Mereka yang berprestasi memang sudah dari sono-Nya atau sejak dia dilahirkan. Mereka sudah pintar sejak di dalam kandungan ibu. Istilah menggelikan itu sudah melekat di kepala kebanyakan orang.
Orang dilahirkan di dunia dengan nasib yang berbeda-beda, ada yang lahir dari keluarga konglomerat, keluarga sederhana atau malah keluarga miskin. Saya tidak setuju apabila persoalan nasib dari lahir menjadi alasan yang mutlak untuk menghakimi peristiwa. Masih ada banyak hal yang mengubah orang bodoh menjadi pandai, ataupun orang tidak tahu menjadi tahu.

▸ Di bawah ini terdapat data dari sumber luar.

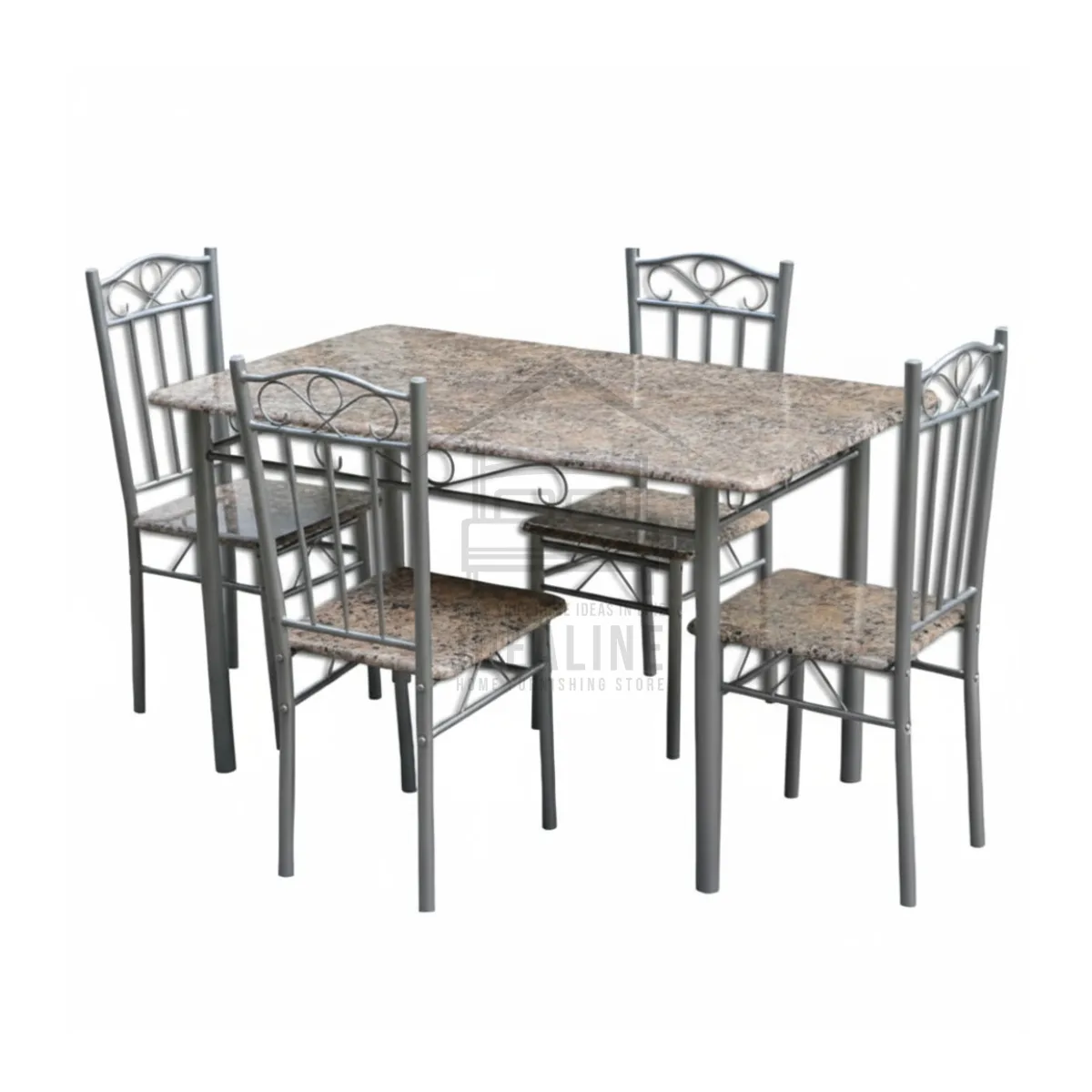 SK-4626A BLACK MARBLE/WALNUT 4-SEATER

Dari pengalaman yang saya alami, umur 7 tahun saya telah dikenalkan dengan bangku sekolah dasar. Tahap awal pendidikan di negeri ini. Pada tahap ini sudah dikenalkan kegiatan membaca dan menulis. Pada saat itu, yang saya alami, masih ada beberapa teman yang belum bisa mengeja kata dengan benar. Sesuatu yang dapat dimafhumi waktu itu--media pembelajaran masih sangat terbatas.
Di zaman sekarang membaca dan menulis sudah dikenalkan sejak PAUD (dua tingkat dibawah SD). Maka tidak mengherankan apabila anak di bangku SD sudah lancar membaca maupun menulis. Selain itu angka buta aksara di Indonesia juga menunjukkan indikasi yang positif, setiap tahunnya mengalami penurunan.
Menurut survei yang dilakukan BPS tahun 2018 terdapat 3,2 juta orang Indonesia yang buta aksara, jumlah ini menurun dibandingkan tahun 2017 yang jumlahnya 3,4 juta orang. Meskipun penurunannya hanya dua ratus ribu, jumlah ini akan terus mengalami penurunan seiring semakin majunya akses untuk menggiatkan membaca.
Lantas sekarang pertanyaannya, apakah mereka yang sudah divonis “tidak” buta aksara sudah mensyukuri nikmatnya?
Silahkan bertanya pada diri Anda masing-masing !
Menurut Central Connecticut State University (CCSU) yang dirilis pada Maret 2016, Indonesia berada di urutan 60 dari 61 negara yang disurvei mengenai tingkat literasi. Predikat yang sangat memalukan bagi negara yang pernah dijuluki macan Asia.
Berkaca pada realitas yang ada, setiap tempat untuk mengenyam pendidikan formal sudah tersedia perpustakaan yang memfasilitasi perihal literasi. Setiap kota pun juga demikian. Di jalan juga terdapat perpustakaan jalanan yang siap menyediakan fasilitasnya perihal literasi.
Sekarang media untuk membaca dan menulis semakin bertambah banyak. Kalau dahulu hanya melalui medium kertas. Namun, sekarang sudah ada teknologi digital. Sejak teknologi digital berkembang pesat, buku-buku elektronik dan aplikasi pencatat tulisan banyak bermunculan. Lagi-lagi, pilihan untuk dipilih semakin banyak jenisnya. Semua kembali kepada diri kita mau atau tidak memanfaatkannya dengan baik.